*** Block opens ***

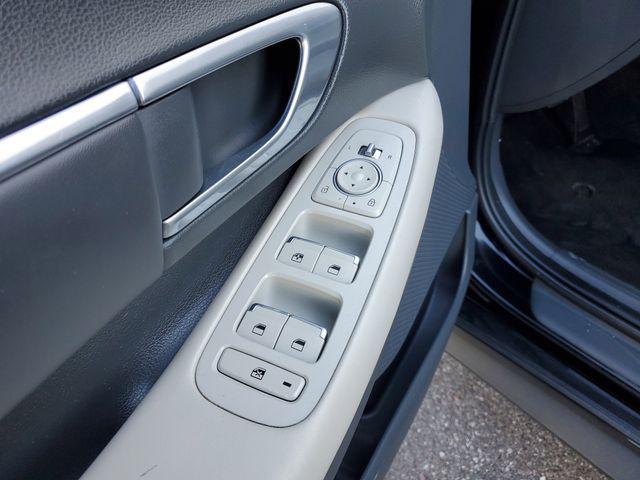 used 2023 Hyundai Sonata Hybrid car, priced at $17,981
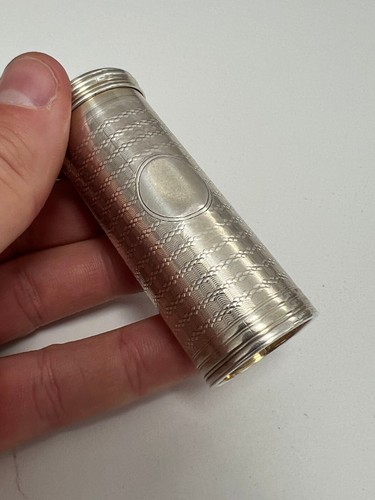 VICTORIAN HALLMARKED SILVER CYLINDRICAL ROUND BOX - LONDON 1840 - Picture 3 of 12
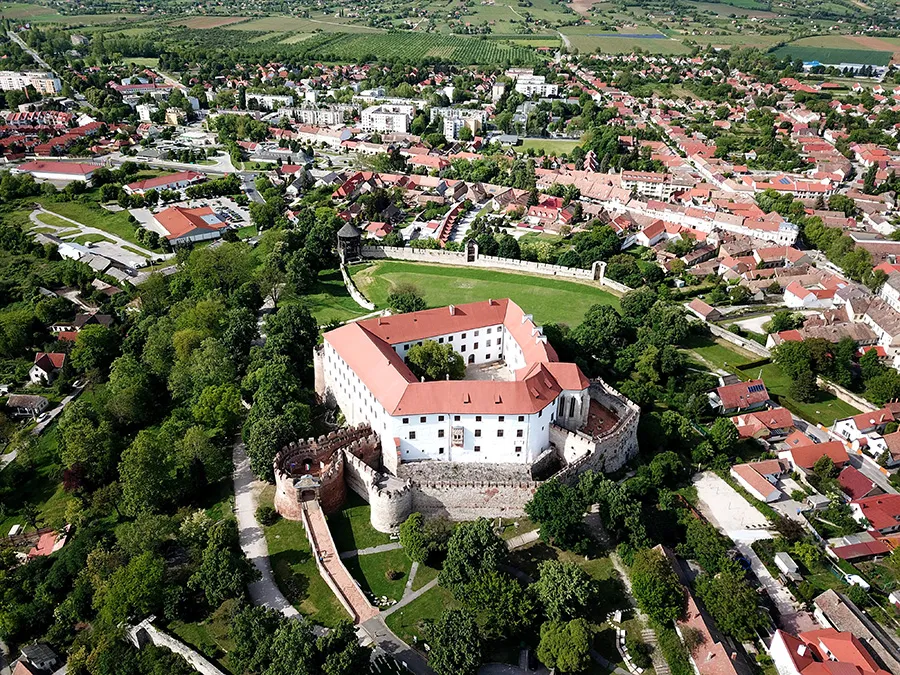 Photo showing: Siklós, a vár légi fotón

*** Block closes ***

## What to produce
When you copy the data above, keep each line exact and omit the pictures.

## Solution to this exercise
 used 2023 Hyundai Sonata Hybrid car, priced at $17,981
 VICTORIAN HALLMARKED SILVER CYLINDRICAL ROUND BOX - LONDON 1840 - Picture 3 of 12
 Photo showing: Siklós, a vár légi fotón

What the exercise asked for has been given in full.